Governo

L’Aquila è il simbolo del fallimento italiano

6 Aprile 2015

L’Aquila è il simbolo dell’Italia. L’Aquila è l’emblema di uno Stato assente, che interviene sulle emergenze con annunci roboanti, dimenticandole totalmente quando la grancassa mediatica si rivolge altrove. L’Aquila è lì a ricordarci, ogni 6 aprile, che gli scandali e i ritardi avvenuti in Irpinia dopo il sisma del 1980 sono eventi ripetibili anche a distanza di decenni.

La (presunta) ricostruzione in Abruzzo è dunque il tragico racconto di un fallimento tutto italiano. La concausa di fattori, che hanno sostanzialmente bloccato questa ricostruzione, è un tipico male del Paese in cui viviamo. L’allora presidente del Consiglio, Silvio Berlusconi, è sicuramente responsabile del disastro. Ma è pur vero che né Mario Monti, né Enrico Letta né tantomeno Matteo Renzi hanno mai messo in agenda un piano concreto di ricostruzione dell’Aquila. La questione è scivolata via con la complicità di un’opinione pubblica orami annoiata rispetto al terremoto del 6 aprile 2009.
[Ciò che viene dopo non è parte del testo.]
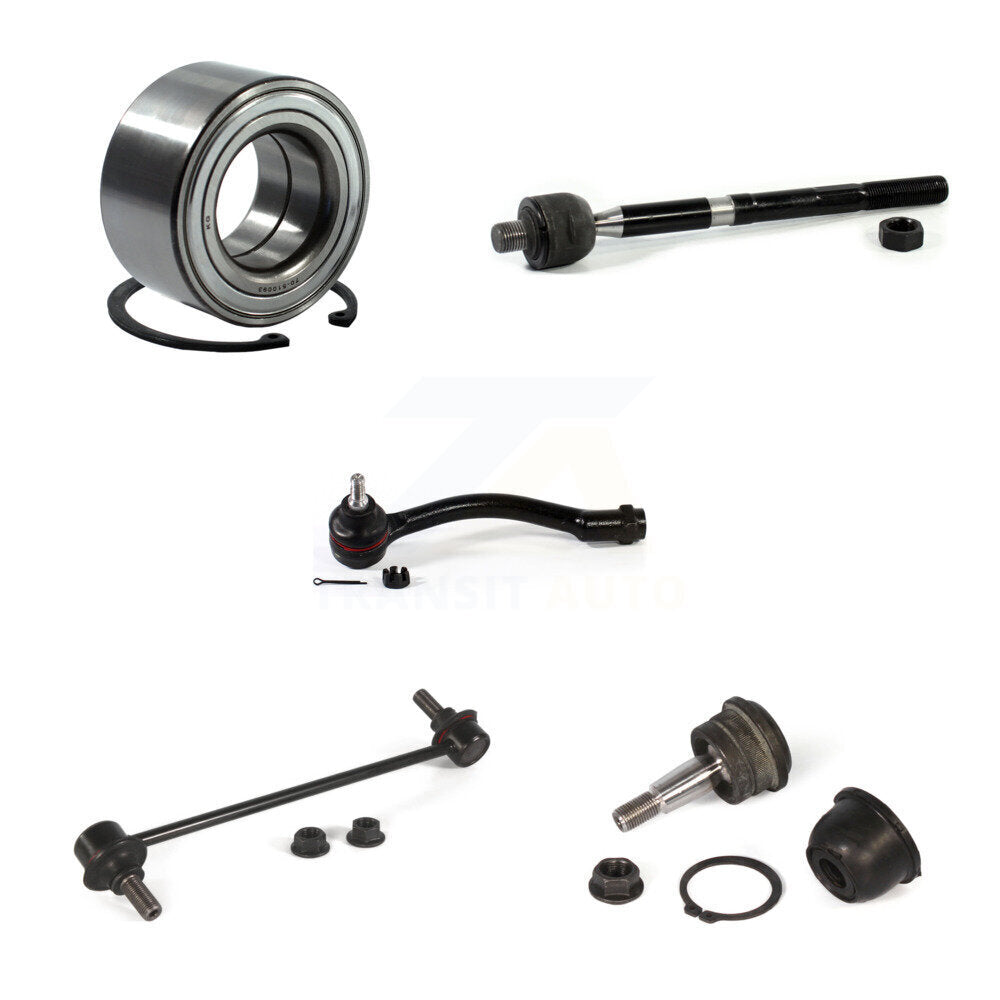 Bearing Lower Ball Joint Tie Rod Link Front Left Kit (5Pc) For Kia Forte Forte5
Del resto, bisogna ammettere, che l’Aquila è un problema che non fa neppure notizia. Viene celebrato l’anniversario, la gente scende in piazza, c’è la commozione del ricordo e poi tutto torna nell’oblio. Quindi perché mai un leader politico dovrebbe attivarsi? Quanti vota garantisce un impegno reale sul tema? Pochi, troppo pochi per mobilitare le energie necessarie. E probabilmente per questo motivo i cittadini hanno cominciato a rassegnarsi all’andazzo generale.

Di fronte al disinteresse nazionale, l’unica soluzione è quella di trovare delle alternative: una sana dose di pragmatismo deve sovrastare l’iniziale speranza. Magari qualcuno aveva sognato che l’Abruzzo non diventasse l’Irpinia del Terzo Milllennio. Ma non è andata così e, anzi, rischia di andare sempre peggio alla luce del fatto che questi non sono gli anni Ottanta dal punto di vista economico.

Maria Corbi, su La Stampa, ha raccontato, in un reportage, la situazione della città abruzzese. E mi ha particolarmente colpito un aspetto del suo articolo: nella parte finale dedica un passaggio alle scuole.

Nessun istituto è stato ancora ricostruito, nonostante i soldi per farlo, 44 milioni, sono nelle casse comunali da metà del 2013.

Propria la scuola, la base fondamentale (non solo simbolica) per il rifiorire di una comunità, è abbandonata a se stessa. Dimenticata da tutti. Allora penso una cosa, sincera, da cittadino. Sarebbe un gesto apprezzabile se qualcuno andasse in televisione per chiedere pubblicamente scusa ai cittadini dell’Aquila, ammettendo che in quella città si è consumato uno dei peggiori fallimenti italiani della storia contemporanea. Non sarà una consolazione, ma potrebbe essere un parziale risarcimento morale.